• _Assigned task_
Return, with both end lines included, exactly what the data below holds from the line with "Legok: Cozy Studio" through the line with "Brownstone Clark Historic Studio *", though not the pictures.

• _Data to examine_

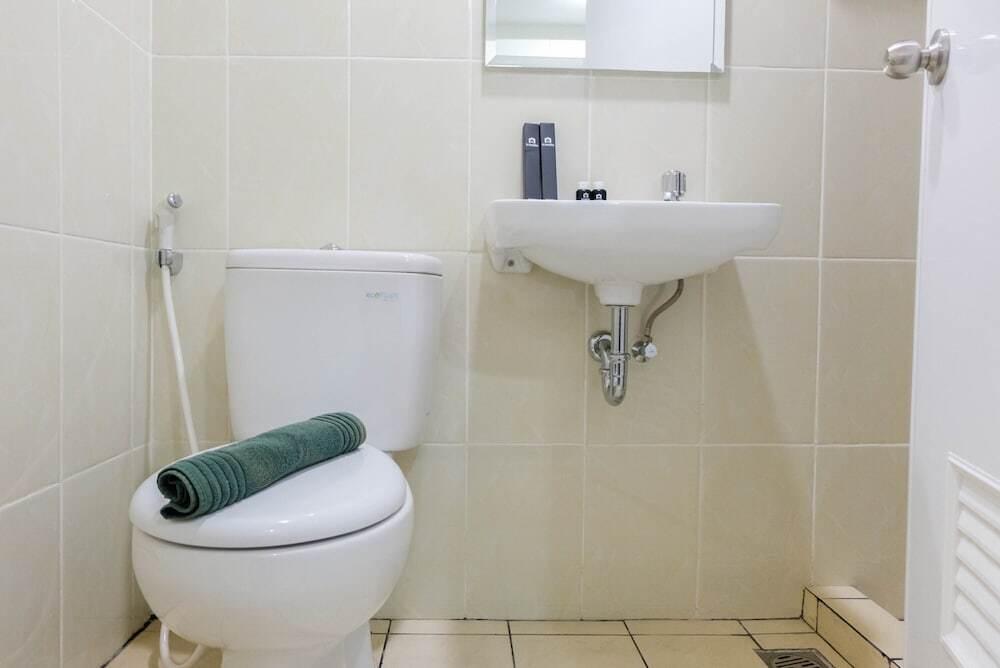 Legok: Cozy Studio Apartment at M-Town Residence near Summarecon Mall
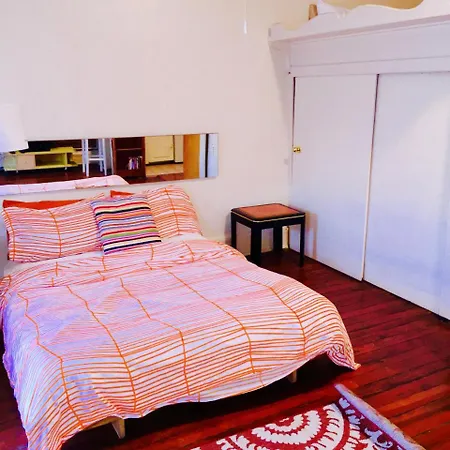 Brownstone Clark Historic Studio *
...
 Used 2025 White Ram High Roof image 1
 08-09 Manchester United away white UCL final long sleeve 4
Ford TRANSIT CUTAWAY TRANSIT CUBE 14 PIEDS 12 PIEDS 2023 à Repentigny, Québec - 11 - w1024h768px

• _The answer_
 Legok: Cozy Studio Apartment at M-Town Residence near Summarecon Mall
 Brownstone Clark Historic Studio *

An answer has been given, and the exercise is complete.